If you have never worked with a real estate agent who understands the contract inside and out, you’ll certainly understand their value if you find yourself dealing with a force majeure scenario. You definitely don’t want to learn this lesson when moving during hurricane season in Florida!
“Closing” Doesn’t Necessarily Mean “Possession”
In a real estate contract, the terms “closing” and “possession” refer to two distinct but related aspects of the property transfer process:
Closing: This is the final step in a real estate sale where the buyer officially becomes the property’s owner. It involves signing documents, paying the purchase price, and handling fees. Once paperwork is finalized and payments made, the sale is complete.
Possession: This is when the buyer gets to move into the property. It typically occurs immediately after closing, but the contract might specify a different time (or perhaps, a condition could establish this date that surprises the buyer). The exact terms of possession depend on the agreement between the buyer and seller.

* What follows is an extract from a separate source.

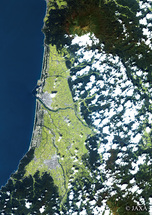 だいちから見た日本の都市 庄内平野：衛星画像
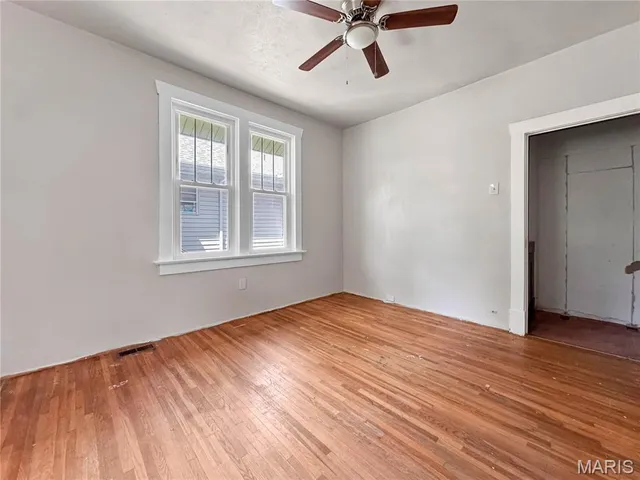 $129,900 | 417 North 5th Street, Belleville, IL 62220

The specific terms regarding closing and possession are crucial in a real estate contract and can vary greatly depending on the agreement between the buyer and seller. The contract should clearly define these terms to avoid any misunderstandings or disputes. Make sure your real estate agent briefs you on closing and possession before you sign an offer or contract; you’ll need to know when you must be in or out of the home.
Let me share a story that vividly illustrates why it’s crucial to understand that certain terms in real estate are not interchangeable and should be taken seriously. Picture this: we were representing a buyer, thrilled to be on the cusp of owning their dream home. As part of the process, and with the closing date just a week away, we conducted a final inspection of the property, following the completion of agreed-upon repairs. What we encountered was unexpected—the current homeowner appeared to have made no preparations whatsoever for their impending move.
Curious and a bit concerned, our agent inquired about the seller’s moving plans. The seller casually mentioned they were moving to a new location, but their move was scheduled for a few days after our planned closing date. The conversation took a turn when our agent asked where they intended to store their furniture until then. It became painfully clear that the seller was under the impression they didn’t need to vacate the property on the closing day. This misunderstanding stemmed from a failure in communication by the seller’s agent, who hadn’t clarified the contract terms.
This oversight led to the seller having to scramble at the last minute, incurring additional costs for a rushed move. Imagine the legal problems the seller might have encountered had our agent not saved the day. This scenario underscores a lesson we always emphasize: If you are of the mindset that your agent selection is not important, it will only take one bad move to change your mind!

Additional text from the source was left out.